→ HOW TO COMPLETE THIS TASK:
When you copy the listing, skip the images and return each line verbatim.

→ DATA EXCERPT:

******

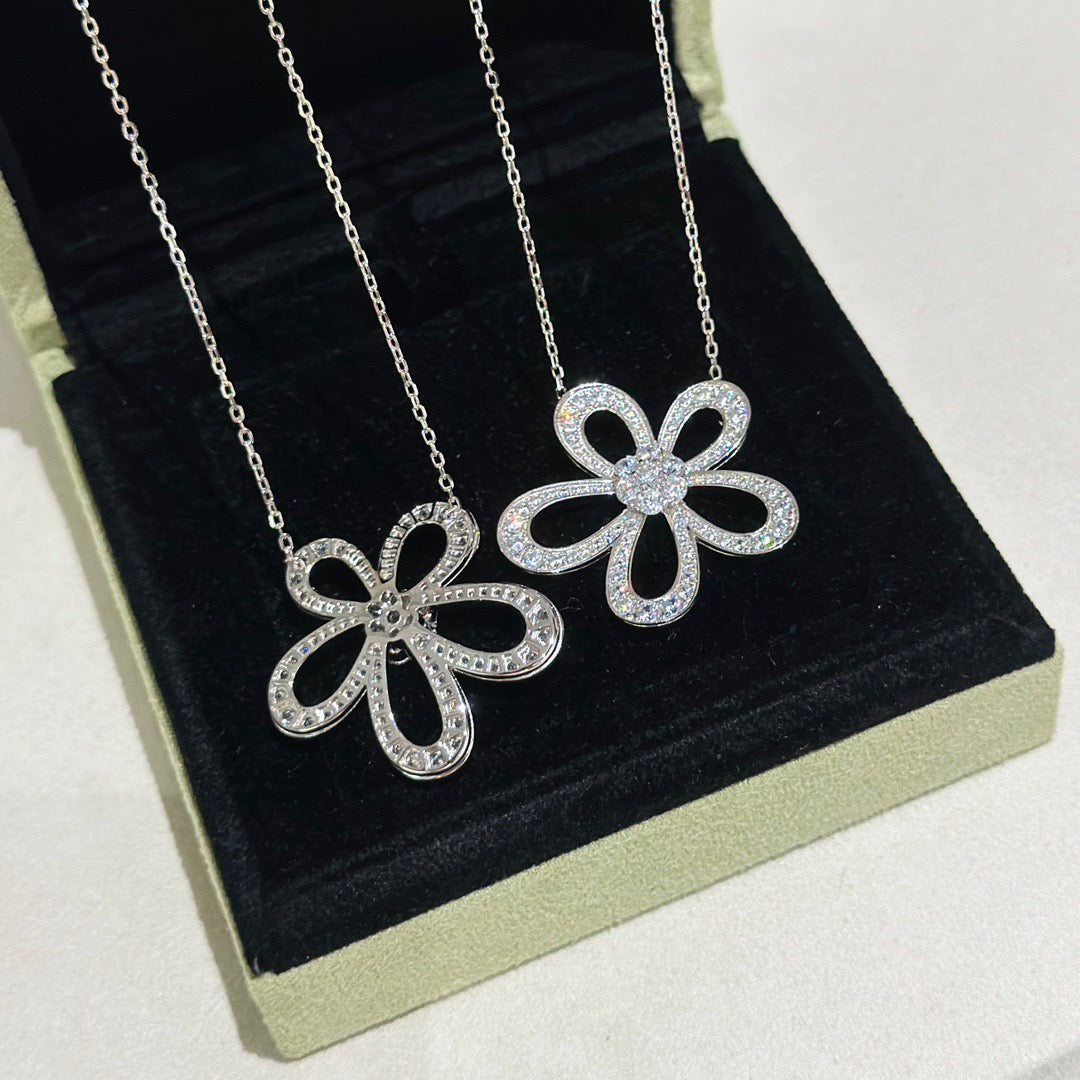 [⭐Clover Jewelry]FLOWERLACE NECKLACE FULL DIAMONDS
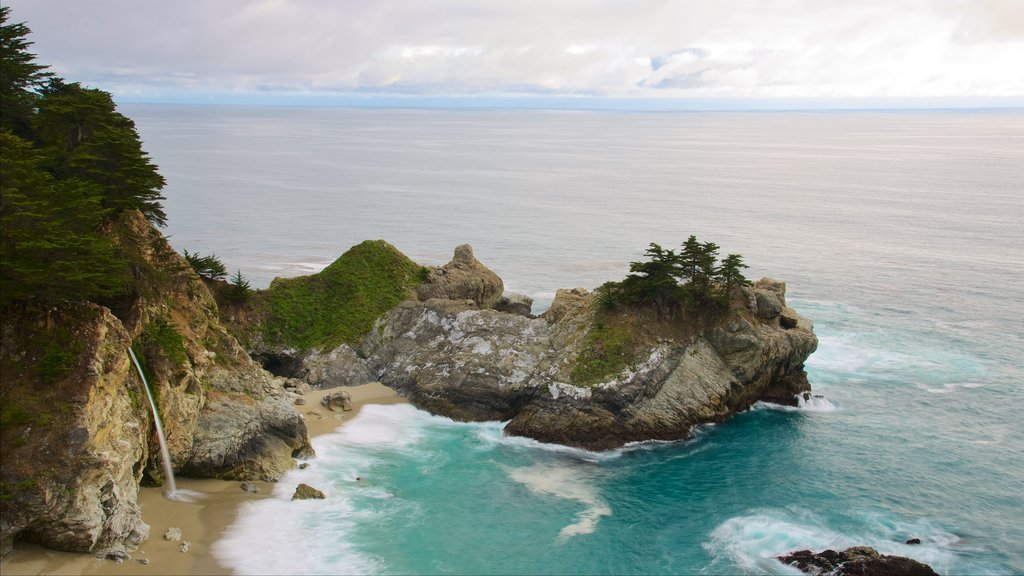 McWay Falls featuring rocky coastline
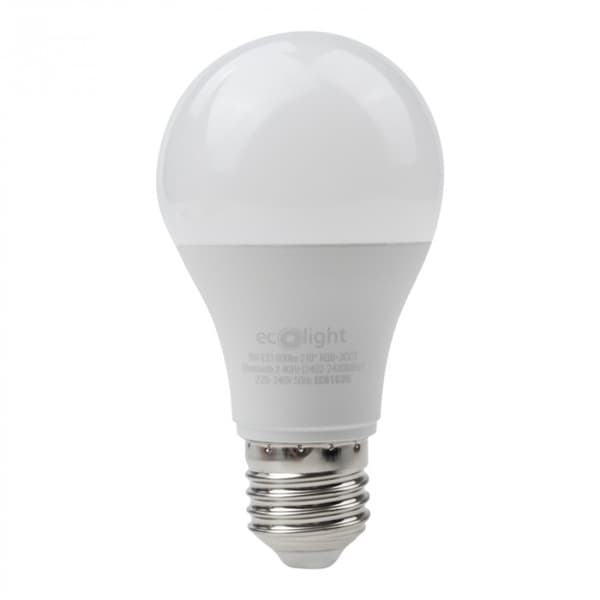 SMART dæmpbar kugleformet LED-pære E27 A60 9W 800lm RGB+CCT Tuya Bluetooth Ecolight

******

→ WRITTEN RESPONSE:
 [⭐Clover Jewelry]FLOWERLACE NECKLACE FULL DIAMONDS
 McWay Falls featuring rocky coastline
 SMART dæmpbar kugleformet LED-pære E27 A60 9W 800lm RGB+CCT Tuya Bluetooth Ecolight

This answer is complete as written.